(Short descriptive text snippets)
━━━

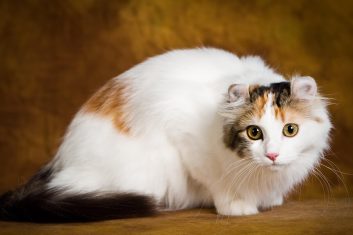 American Curl Kedi Cinsi Özellikleri ve Bakımı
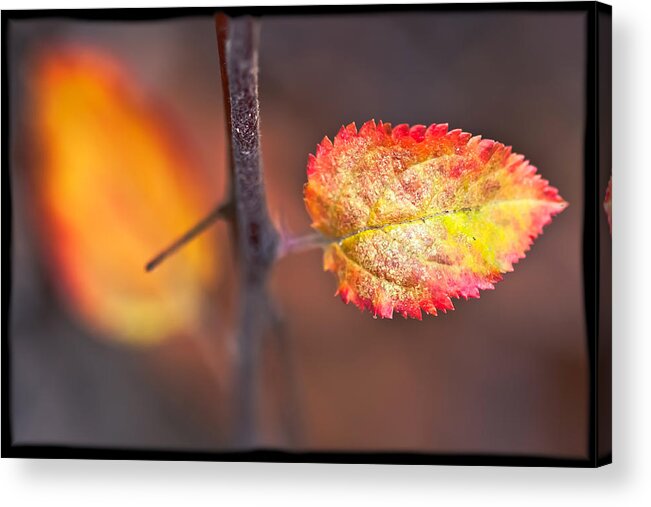 Fall Acrylic Print featuring the photograph Distinctive by Jonathan Nguyen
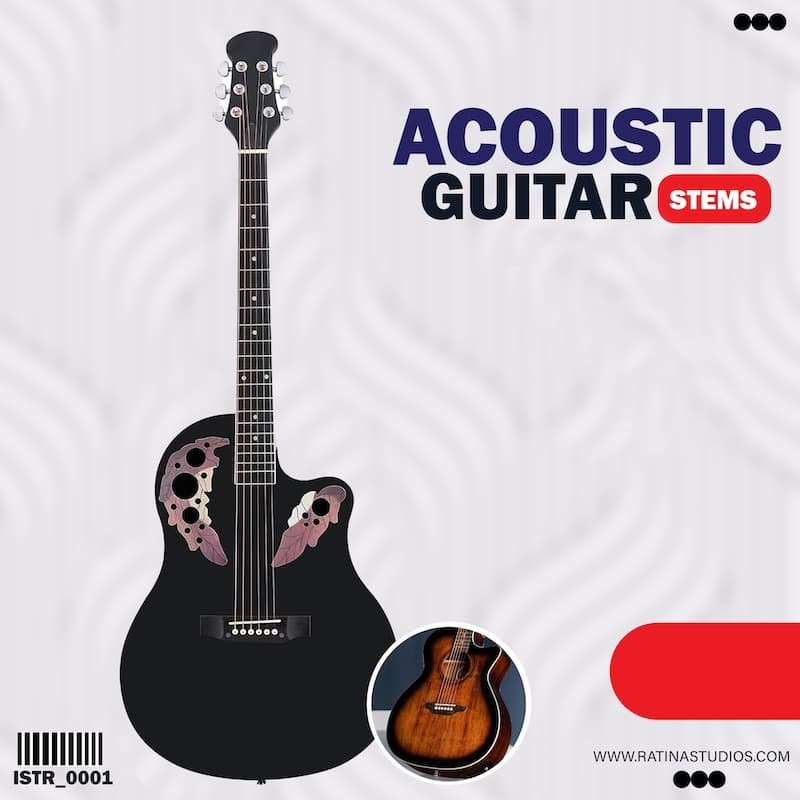 Acoustic Guitar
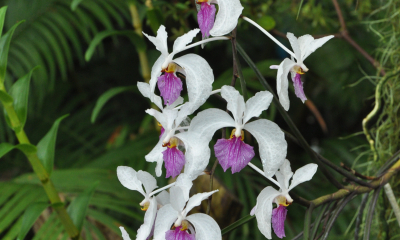 Holcoglossum kimballianum
Tato převisle rostoucí orchidej je doma v monzunových lesích Myanmaru, Thajska, Laosu a jižní Číny v nadmořské výšce 1200 až 1800 metrů.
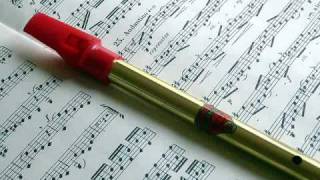 Rondo from 4th Horn Concerto by Mozart played on Penny Whistle Tin Whistle [upl. by Fredi]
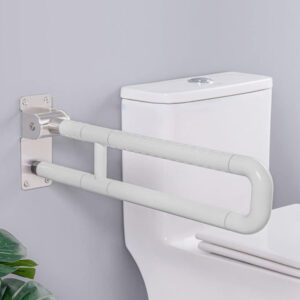 Grab Bar Handicapped- Protrude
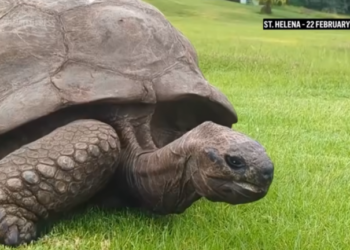 Ο Τζόναθαν είναι ζωντανός: Αναληθείς οι φήμες για τον θάνατο της γηραιότερης χελώνας στον κόσμο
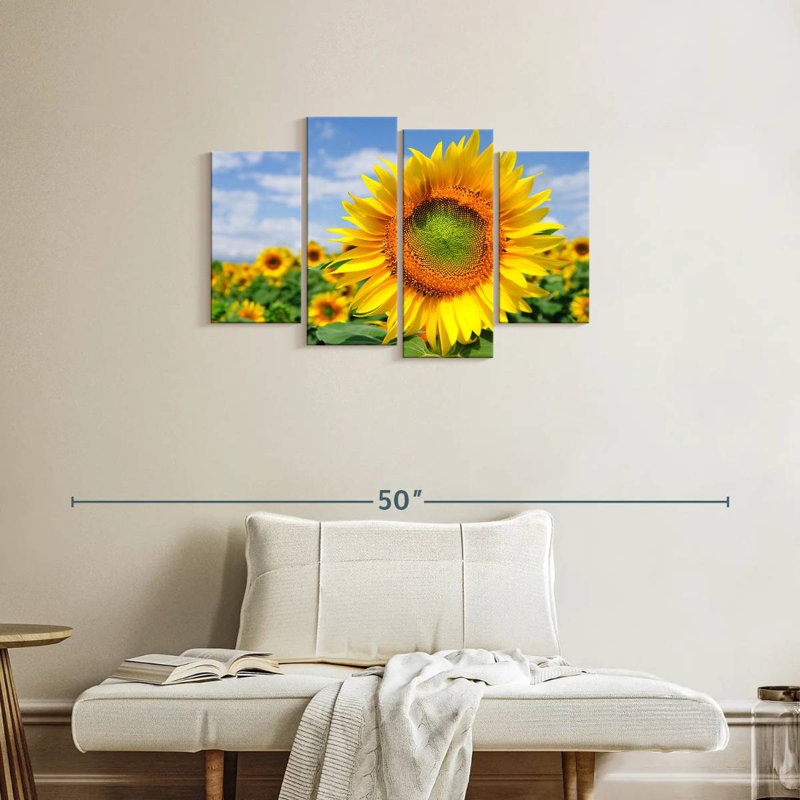 Champ de tournesols Harnek Akeno, H 22 po x l 36 po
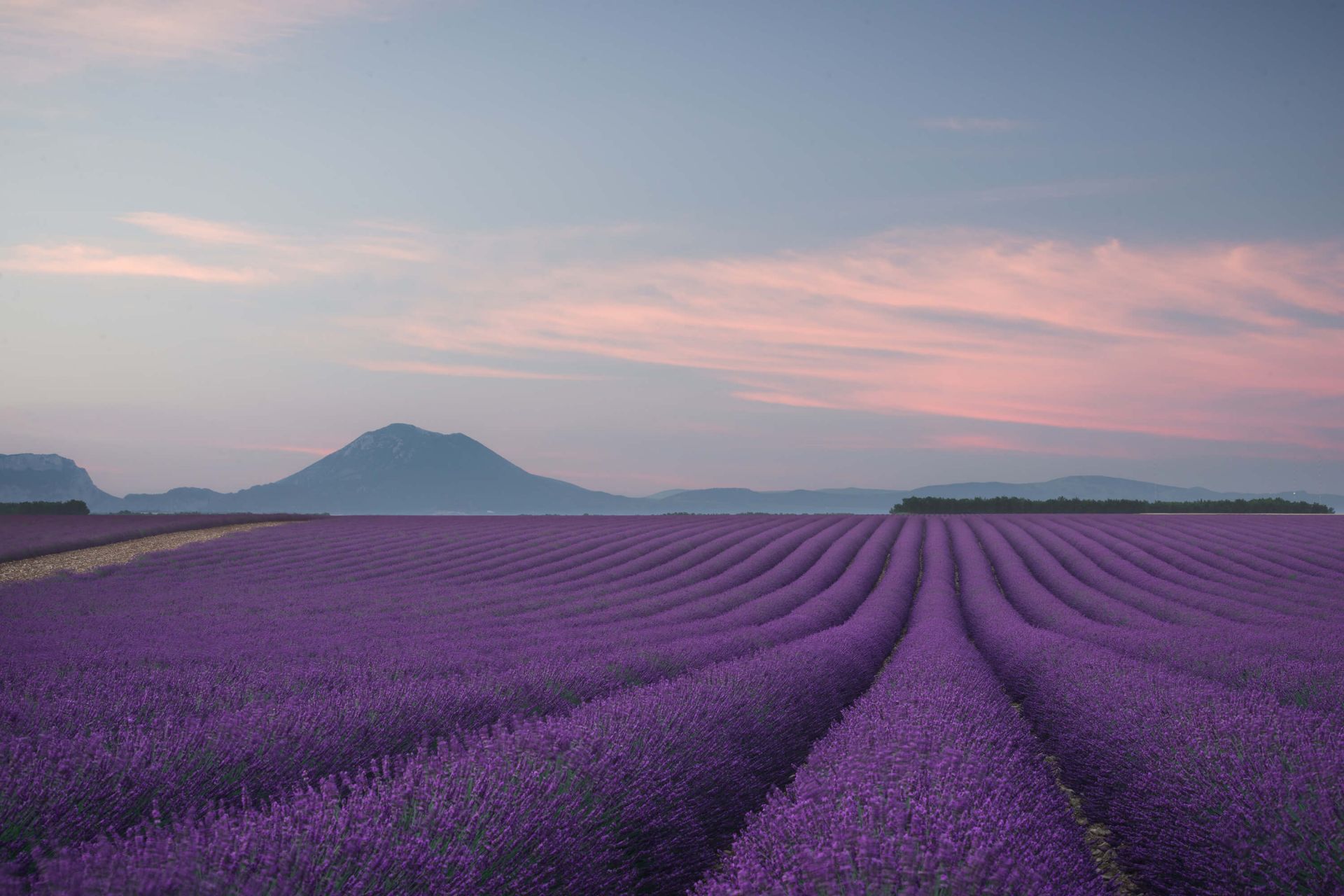 Lavender field main product photo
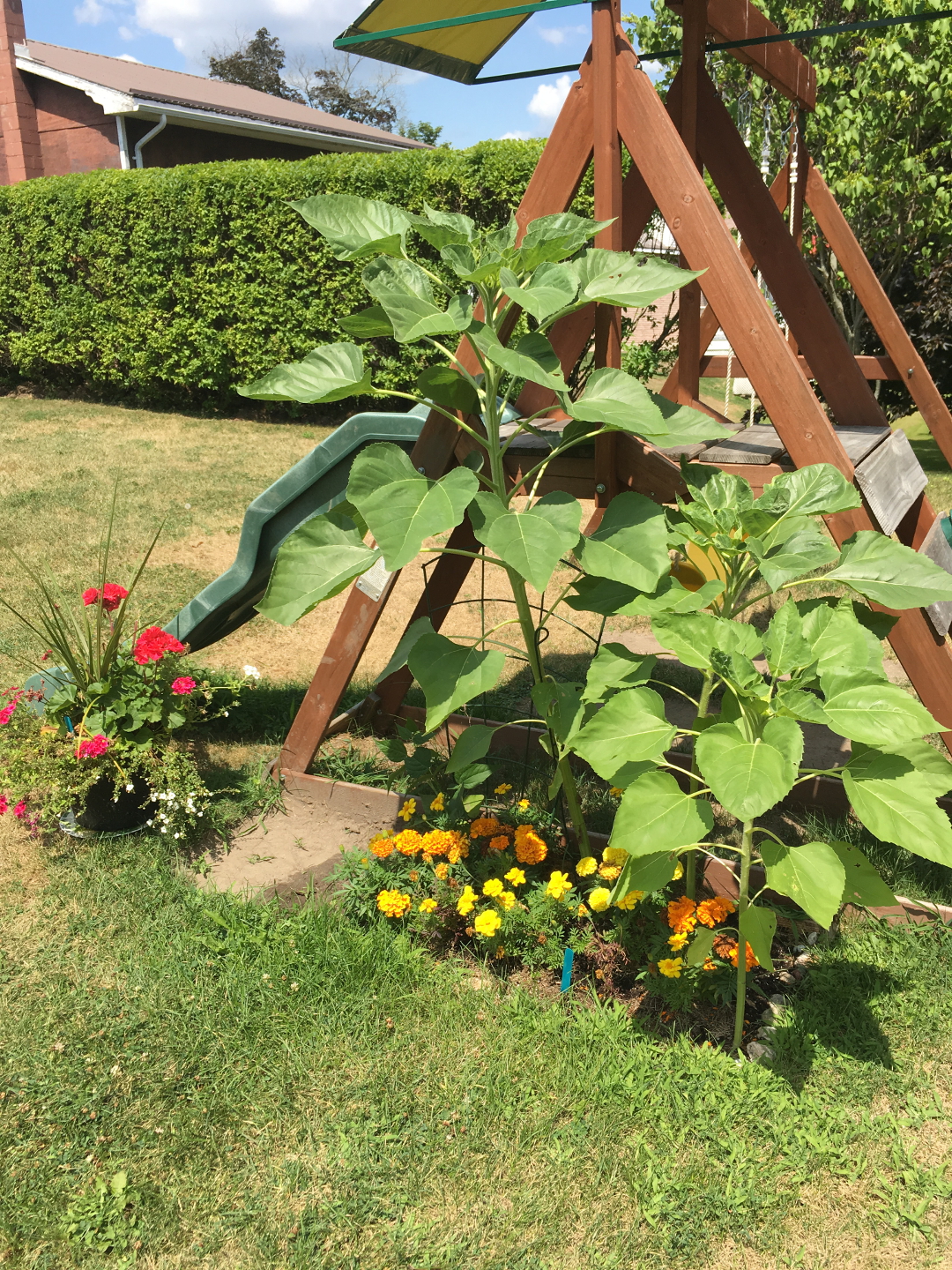 sunflower growing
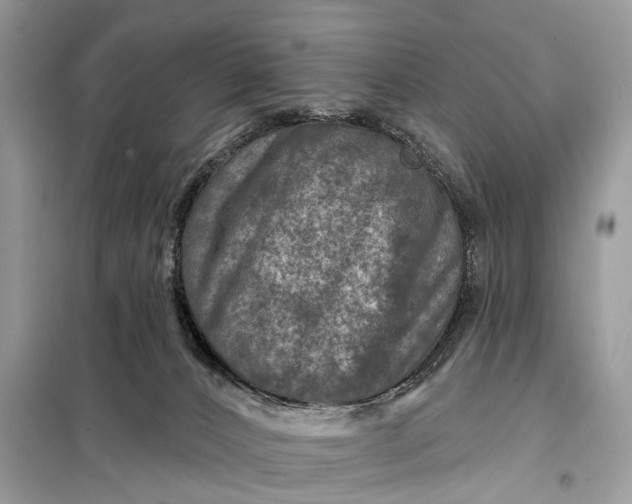 X0000098200032200805081122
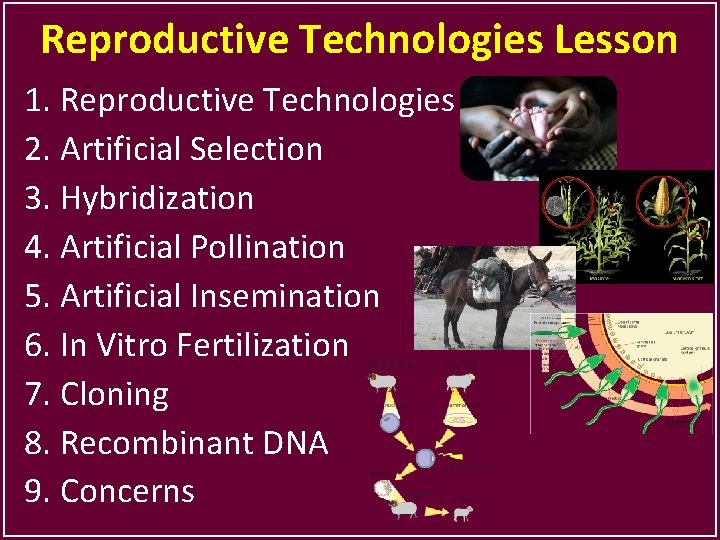 Reproductive Technologies Lesson 1. Reproductive Technologies 2. Artificial Selection 3. Hybridization 4. Artificial Pollination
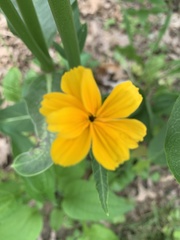 Cosmos sulphureus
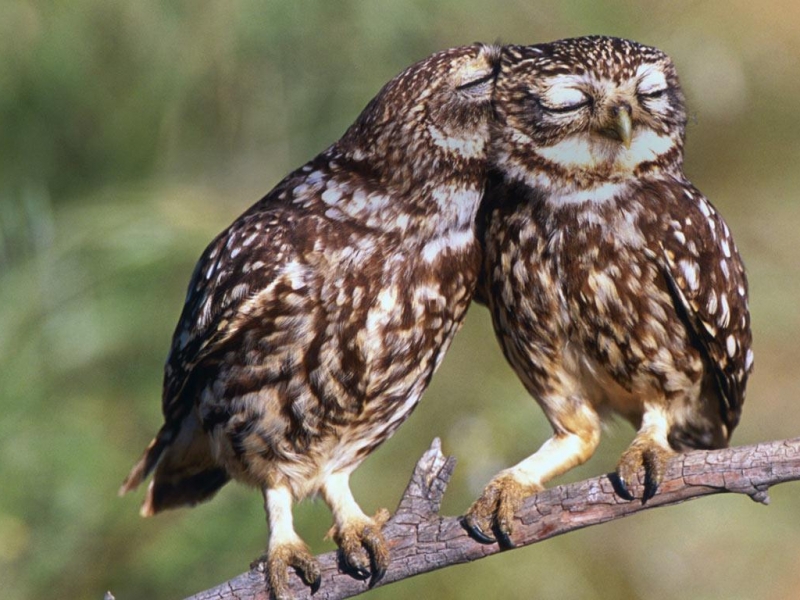 Little Owls - HD Wallpaper 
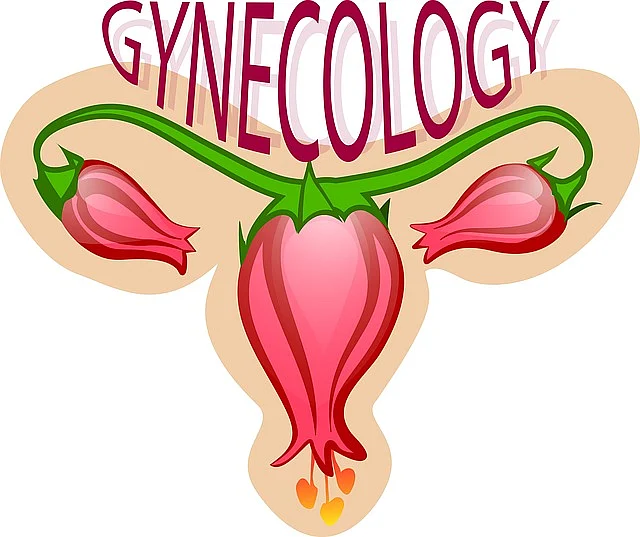 Gynecologist experience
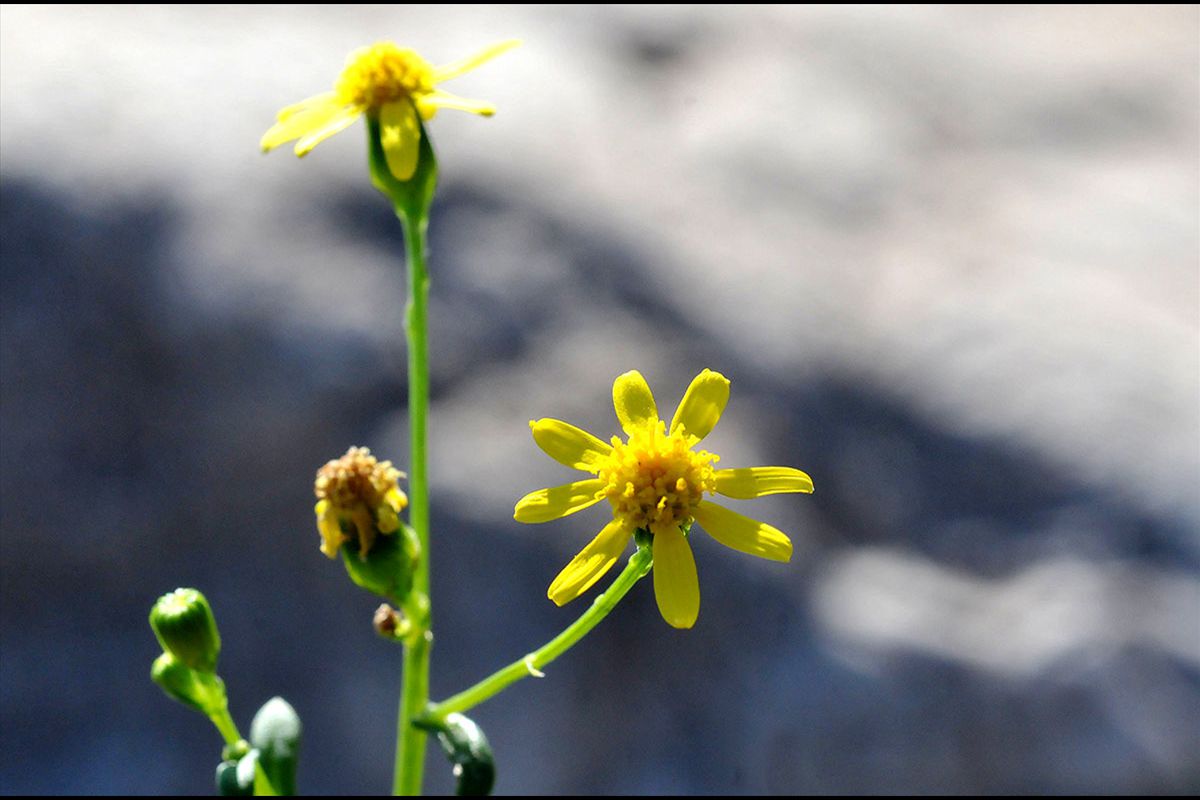  Senecio leucantjemifolius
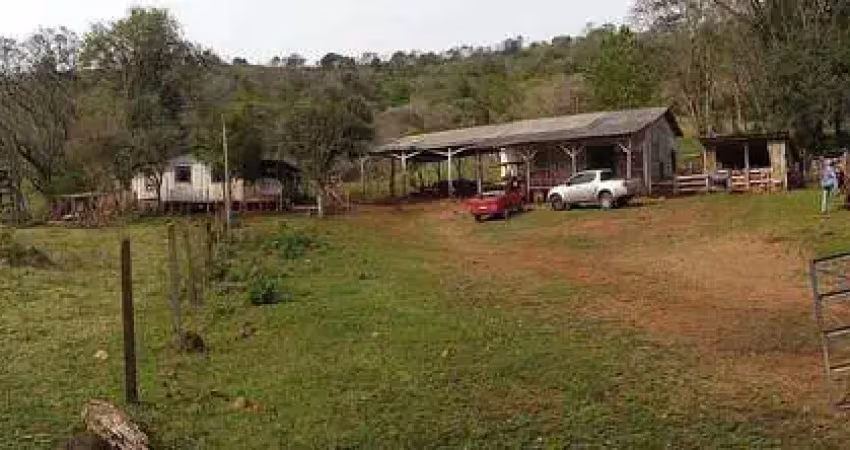 Fazenda à venda, 28,5 alqueires, pinhal grande, laranjal/pr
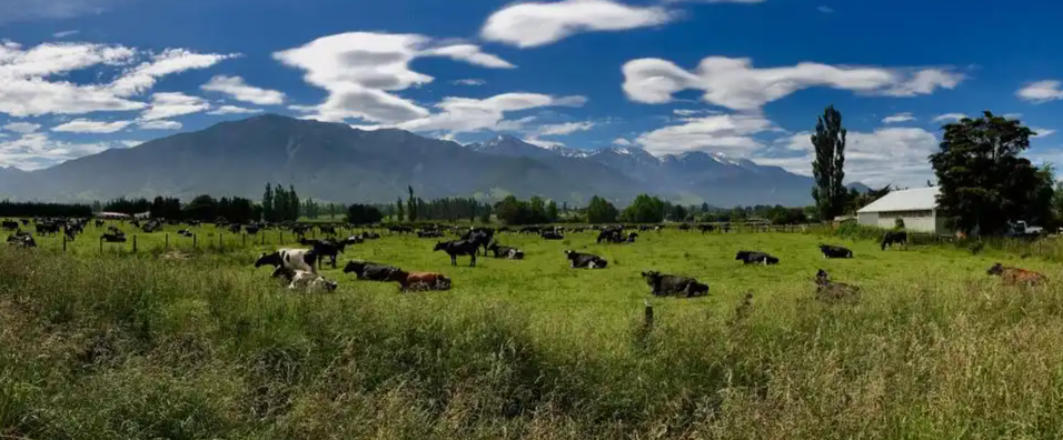 入主出奴猜打一最佳正确生肖词语解释释义落实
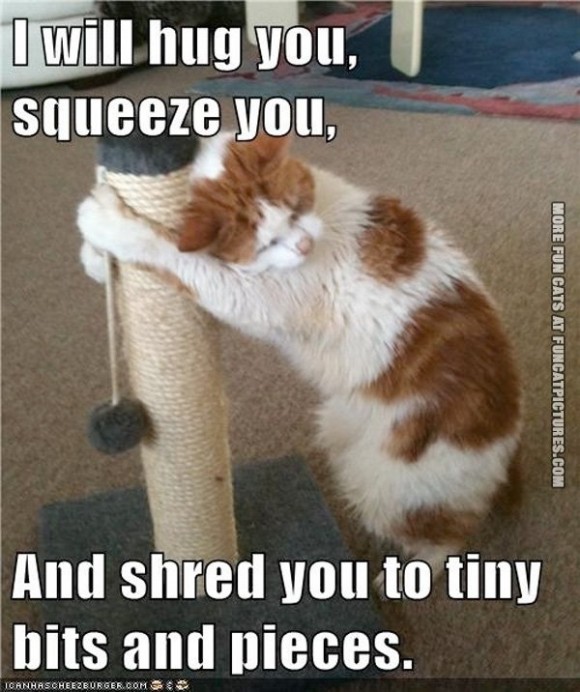 Funny Cat Lover Quotes QuotesGram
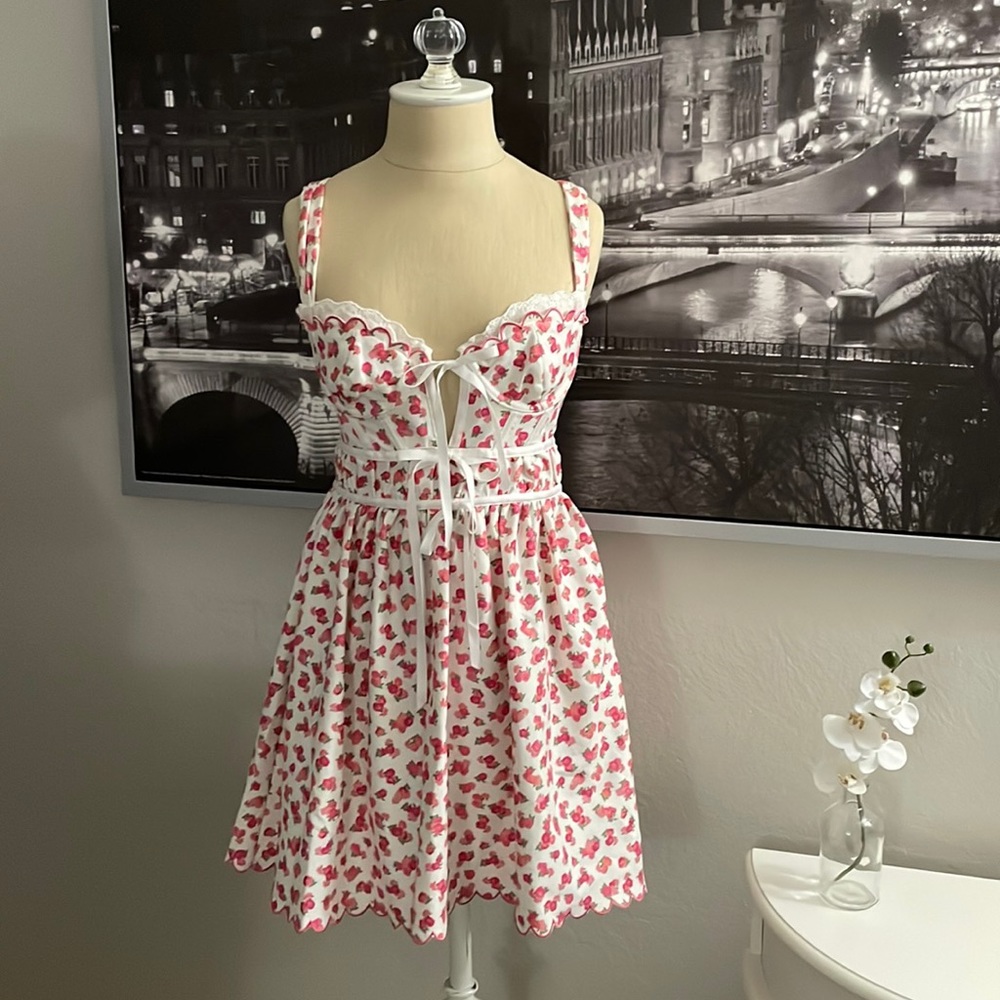 For Love & Lemons Victoria’s Secret dress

━━━

**The task**
Would you reproduce the lines from the one with "Reproductive Technologies Lesson" through the final line of the data above, exactly and only those, without any pictures?

**Answer to the exercise**
 Reproductive Technologies Lesson 1. Reproductive Technologies 2. Artificial Selection 3. Hybridization 4. Artificial Pollination
 Cosmos sulphureus
 Little Owls - HD Wallpaper 
 Gynecologist experience
  Senecio leucantjemifolius
 Fazenda à venda, 28,5 alqueires, pinhal grande, laranjal/pr
 入主出奴猜打一最佳正确生肖词语解释释义落实
 Funny Cat Lover Quotes QuotesGram
 For Love & Lemons Victoria’s Secret dress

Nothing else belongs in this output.